What do you mean ‘the back of the class’? How did that translate on the job?

“We would take three-hour lunches and talk shit about the other people who worked there. I would leave the very minute it was time to go home; everyone else would stay late. I don’t know what they were doing.”

When he worked at C&C he remembers that when his co-workers heard he was from Berkeley, they said, “Figures.”

“I don’t like the idea of being different. I mean, I didn’t like that they thought I was some weirdo. Like, I’m from Berkeley and that’s some weird place and there’s something wrong with the way I have chosen to live my life.”

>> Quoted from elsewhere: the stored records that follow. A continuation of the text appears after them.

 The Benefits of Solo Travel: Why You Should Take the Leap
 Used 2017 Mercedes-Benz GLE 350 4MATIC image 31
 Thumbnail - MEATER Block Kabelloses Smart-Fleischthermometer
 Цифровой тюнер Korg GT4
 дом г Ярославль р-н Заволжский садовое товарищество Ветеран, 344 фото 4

Haley says he doesn’t read the L.A. or N.Y. Times, or Adbusters, or any of the glossy Condé Nast or gossip rags. He has a subscription to The New Yorker and listens to KABC talk radio. He doesn’t listen to NPR, but does listen to This American Life on his Apple computer.

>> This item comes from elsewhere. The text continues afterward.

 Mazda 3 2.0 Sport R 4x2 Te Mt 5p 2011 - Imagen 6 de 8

He likes the Rolling Stones, the Velvet Underground, the films of Godard, surrealist painters and the skater Mark Gonzales.

“That’s another thing, I feel like all of a sudden everyone is an ex-skateboarder,” he says, matter-of-factly.

“In one way, I covet the idea of being special, but in another way, I want the same things everyone else wants. I struggle with this,” he says in a pure tone that indicates he’s not struggling too hard.

So, you’re special just like every other special person?

“Yes.”

Like every other outsider, there’s no place for you?

“Exactly. In some ways it’s an asset and in others it is a liability.”

Haley believes the very idea that he started his own T-shirt line is predictable. It’s the kind of thing people like him do.

The line, Dr. HotDog, which sells at Aero & Co. on Third Street, and officially launches next month at the Pool Trade Show in Vegas (an apparel show that was conceived in 2000 as an alternative to the “mainstream market trade shows”), is described on the Chocosho.com Web site, where the shirts also sell, as “all about being rad and kool and groovy.”

Haley elaborates that the concept behind his designs are “a spoof on low culture.”

The one he is wearing now has a drawing of King Tut’s head and the word “Lover” written in an Old English typeface. There’s one that says “100% Rad,” and another, with a drawing of Darth Vader, called “Who’s Your Daddy?” Haley says that one is in reference to those guys who have a Darth Vader sticker on their cars, or cobweb tattoos on their elbows. They all have the snarkiness of Wacky Packs for big kids, or pop-culture commentary doodled on an angst-y teenager’s Pee-Chee folder.

“[They’re] silly and hand-drawn,” says Haley, who also enjoyed the drawings in Kurt Cobain’s diary published a few years back. “Like, in reaction to all the superclean graphics, everyone is into drawings right now, and so am I.”

Does that depress you?

“No. I just think, if this were a board game, there would be a character like me. Like, there are hundreds of thousands of people like me.”